In the end, total 100 minimum energy structures were selected from the structures obtained in the energy minimization stage. Based on the energy values and the Ramachandran plots of the structures, a small set of structures were selected and the one with both low energy and good residual distribution in the Ramachandran plot was used as an initial model. The RMSD value of the initial model against the experimental structure was 1.92 Å. From this initial model, a large set of distances between atoms contact distances was computed. A set of lower and upper bounds for the distances was then generated by subtracting 20% from or adding 20% to the distances. Then, the CNS NMR refinement protocols were used to further refine the model with the generated distance constraints.

The distributions of distances between certain pairs of atoms, especially the distances between heavy atoms in different residues separated by several residues in the primary sequence, were also computed. A set of mean-force potentials for the distances was constructed using the distribution functions, and was added to the CNS energy function.

The initial model was refined with the modified energy function. Total 50 structures were generated by CNS as an ensemble of models for the protein. The structures were analyzed based on their total energies and residual distributions in the Ramachandran plots. The one with both low energy and good Ramachandran plot was selected as the final model. This model had a 1.80 Å RMSD from the experimental 1WHZ structure. The improvement in this sense was significant compared to the RMSD value (2.19 Å) of the original model.

DISCUSSION

Conclusions

We show that mathematical approach based on distance matrices is very powerful and enable us to predict protein structure from the sequence. The information contained in the square distance of residues from the center of mass, and the first principal component allows us to reconstruct protein structure with RMSD 4.5 Å. We demonstrate that crystallographic B-factors can be predicted from the sequence using Support Vector Regression. We also prove that protein structures can be refined by using statistical interatomic distances, and that generalized distance geometry problem for solving NMR structures based on distances between atoms subject to upper and lower bounds can be reduced to an optimization problem that involves maximization of the volume of spheres with the radii equal to the range of corresponding thermal fluctuations of atoms. All methods presented are still being improved and may lead to a significant progress in prediction of protein structure and dynamics and to substantial refinement of protein models.

Summary

We have applied distance matrices and the related contact matrices to several different, although interconnected problems relevant to structural bioinformatics. We have performed eigenvalue decomposition of square distance matrices, and we have shown that a dominant eigenvector is proportional to r² - the square distance of points from the center of mass, while the next three eigenvectors are the principal components of the system of points. We have shown that both the dominant eigenvector and the first principal component can be predicted from the sequence alone that allows us to predict the tertiary structure of proteins from sequence with RMSD around 4.0 Å.

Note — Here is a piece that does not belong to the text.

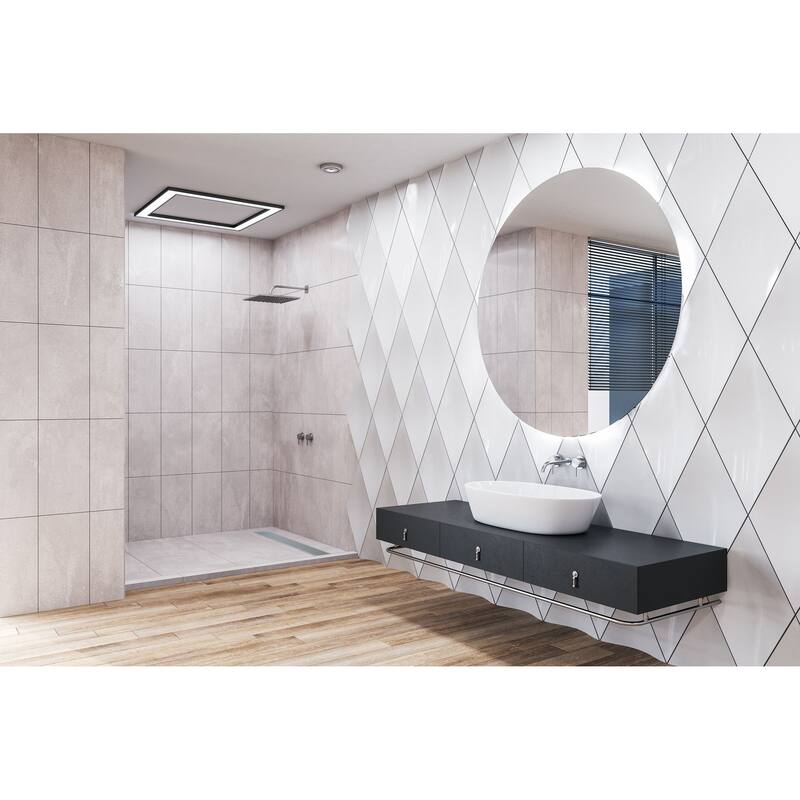 Transolid FTT6032C Ready to Tile 60 L x 32 W Shower Base in Dark Grey - Right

We have performed elastic network analysis (based on contact matrices) of the large number of available HIV-1 protease structures, and have shown that they provide a remarkable sampling of conformations, which can be viewed as direct structural information about the dynamics. Finally, we have used distance constraints from databases of known protein structures for structure refinement.